Luis Enrique Silvestre Guerra

Luis Enrique Silvestre Guerra (born on April 4th, 1966 in Havana, Cuba) is a contemporary Cuban painter, part of the '90s generation of Cuban Artists working in the Special Period, a period of acute economic crisis and rising censorship. In 1999 he left Cuba and moved to Brazil, where he established a studio in the city of São Paulo. His work uses several visual references from Naif to Pop Art to Abstract Expressionism, to make a commentary on his memories of Cuba, its idiosyncrasies, and life as an expatriate.


Silvestre lived his early years with his grandparents in the model town of Hershey. Returning to Havana, he studied at the Escuela Nacional de Bellas Artes San Alejandro (San Alejandro National Fine Arts School) and the ISDi Instituto Superior de Diseño (Superior Institute of Design).

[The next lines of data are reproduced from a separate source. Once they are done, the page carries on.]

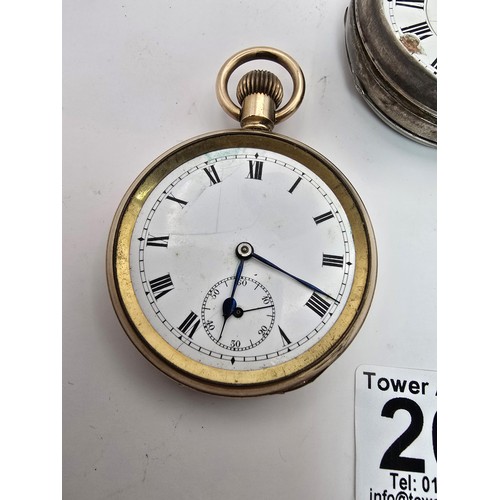 269 - 3x pocket watches for spare or repair to include 2 heavy gold plated watches marked inside the guara... 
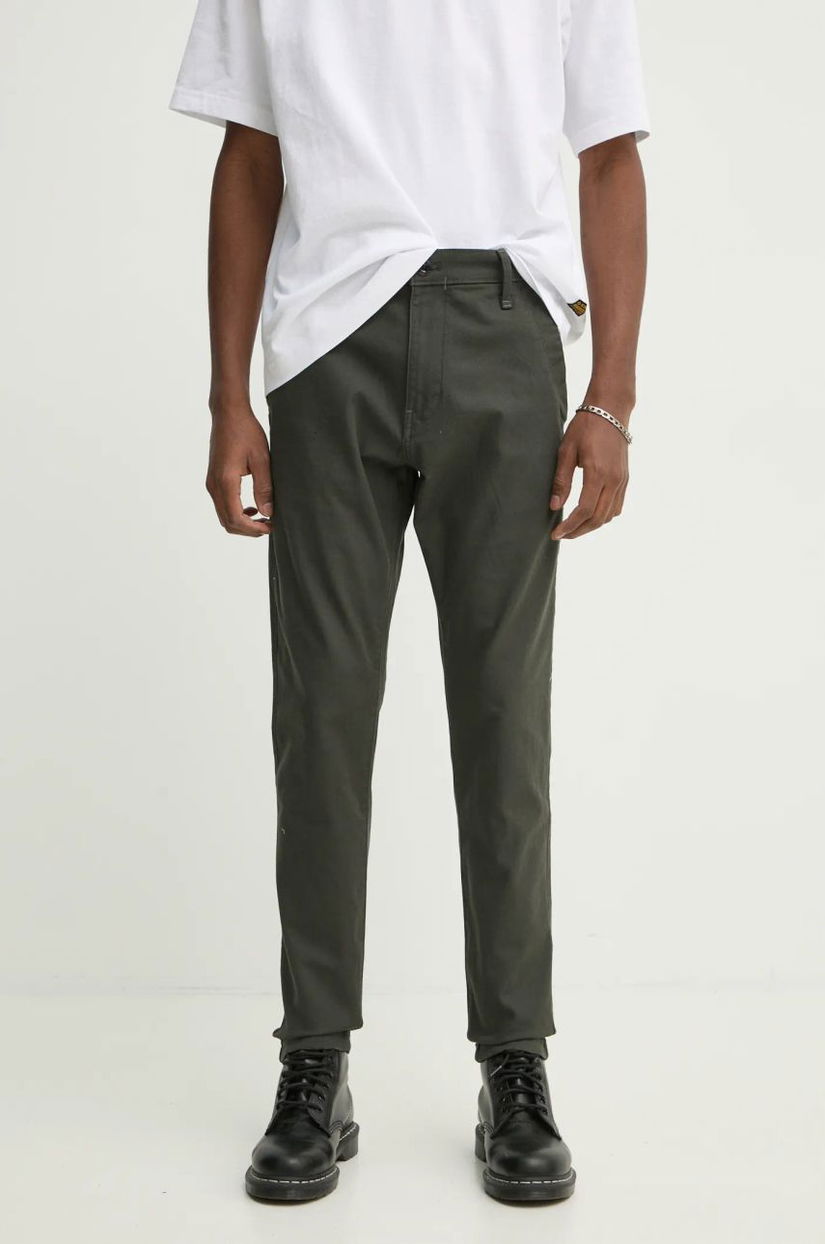 G-Star Raw pantaloni barbati, culoarea verde, cu fason chinos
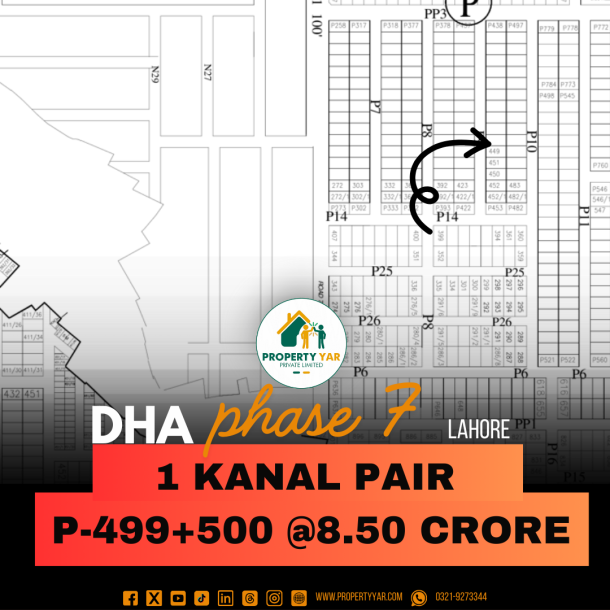 Prime Location 1 Kanal Pair Plots (P-499+500) Demand 5 Crore On 40 Feet Road Near To Mosque Available For Sale In DHA Lahore Phase 7 Block P-1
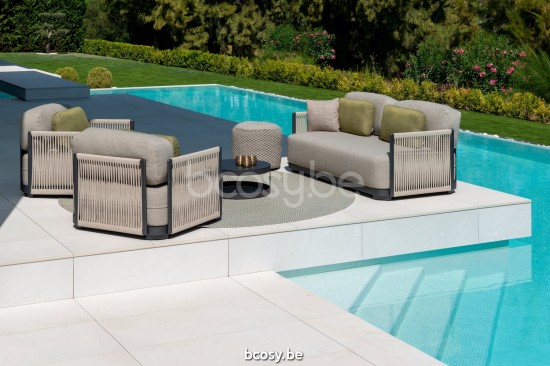 Jati Kebon Durbuy Loungebasis 2-zit Zonder kussens Antraciet mat aluminium.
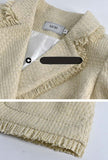 Spring Lapel Collar Fringed Tweed Jacket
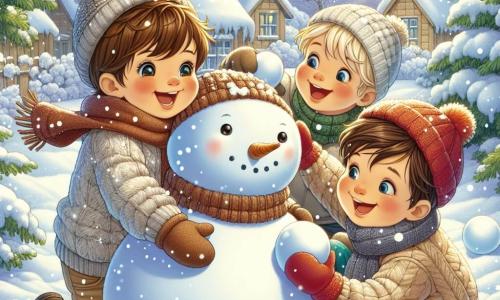 Trois petits garçons de quatre ans, Léo, Tom et Hugo, jouent dans un jardin enneigé. Léo roule une boule de neige pour le corps d'un bonhomme de neige, Tom rit en tenant une boule pour la tête, et Hugo cherche des branches pour les bras. Ils sont entourés de flocons de neige tombant doucement. Le jardin est féerique, recouvert de neige scintillante, avec des arbres chargés de neige et un ciel bleu clair. Les amis construisent un bonhomme de neige, riant et s'encourageant dans une ambiance joyeuse.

He worked from 1987 to 1995 as a graphic designer and illustrator at Revista Bohemia (Bohemia Magazine), an influential news and culture magazine published since 1906.





In his early career during the '90s, Silvestre developed a series of self-portraits using Naif figurative studies inspired by Henri Rousseau and Frida Kahlo, called Toda Yerba És Carne (Every Herb is Flesh). The series was a critique of the Special Period, using satire and surrealism. Silvestre continued exhibiting with other artists from his generation in the few spaces allowed by the Cuban government until 1999 when he decided to move abroad.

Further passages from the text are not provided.